# **Introduction to Dates & Time with pandas**

This jupyter notebook can be found on my GitHub account: https://github.com/mbonnemaison/Learning-Python
### **pandas** is a python library that facilitates data analysis organized in a table.

### Sources:
- Information to install pandas, introduce pandas and the user guide: https://pandas.pydata.org/pandas-docs/stable/getting_started/index.html
- Python for Data Analysis by Wes McKinney (2nd edition used here) - Chapter 5 (Introduction), Chapter 11 (Time Series)
- Video on Data Analysis (go to comments to go to part you're interested in): https://www.youtube.com/watch?v=r-uOLxNrNk8&list=RDCMUC8butISFwT-Wl7EV0hUK0BQ&index=3

## Introduction to Time & Dates
Some of the elementary data structures for working with date & time data are:

- **Timestamps** : specific instants in time
- **Timedeltas**: Intervals of time indicated by a start and end timestamp.

### **Timestamp**
Python provides the date and time functionality in the **datetime** module that contains three popular classes:

- **Date class**: to work with dates (day, month, year)
- **Time class**: to work with times (hours, minutes, seconds, microseconds)
- **Datetime class**: to work with components of both date and time

***Timestamp*** is pandas equivalent of python’s datetime.datetime object and is interchangeable with it in most cases. It’s the type used for the entries that make up a DatetimeIndex, and other timeseries oriented data structures in pandas.

### **What time is it now?**

In [1]:
import pandas as pd

In [2]:
now = pd.to_datetime('now')

In [3]:
now

Timestamp('2021-04-04 21:12:53.164645')

In [4]:
now_utc = now.tz_localize('US/Eastern')

In [5]:
now_utc

Timestamp('2021-04-04 21:12:53.164645-0400', tz='US/Eastern')

In [7]:
now_est = now_utc.tz_convert('US/Pacific')

In [8]:
now_est

Timestamp('2021-04-04 18:12:53.164645-0700', tz='US/Pacific')
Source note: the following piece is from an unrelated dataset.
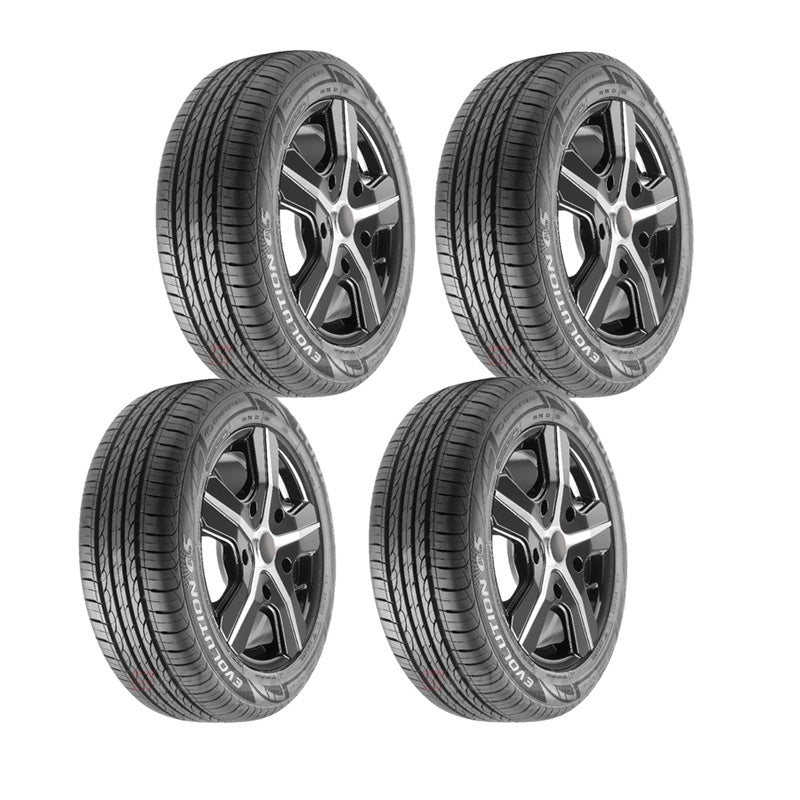 195/55 R15 Cooper Evolution C5 85V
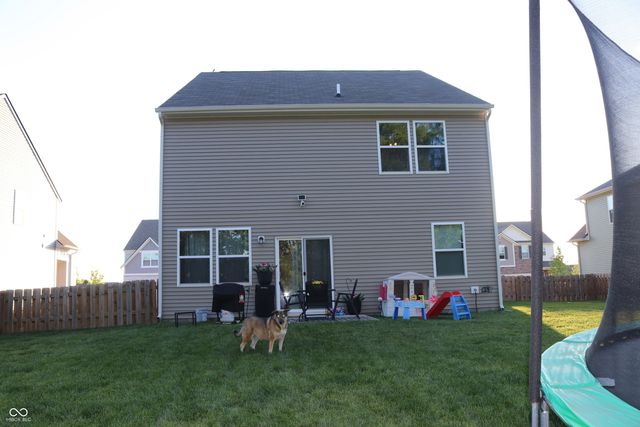 7625 Hillway Drive, Camby, IN 46113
### **Convert strings to Datetimes**
Strings can be converted to dates using **pd.to_datetime**.

Note: Information on format can be found here: https://docs.python.org/3/library/datetime.html#strftime-and-strptime-behavior)

In [None]:
pd.to_datetime('2021-02-19 22:45:56')

In [None]:
pd.to_datetime('2021-02-19 22:45:56', format = '%Y-%m-%d')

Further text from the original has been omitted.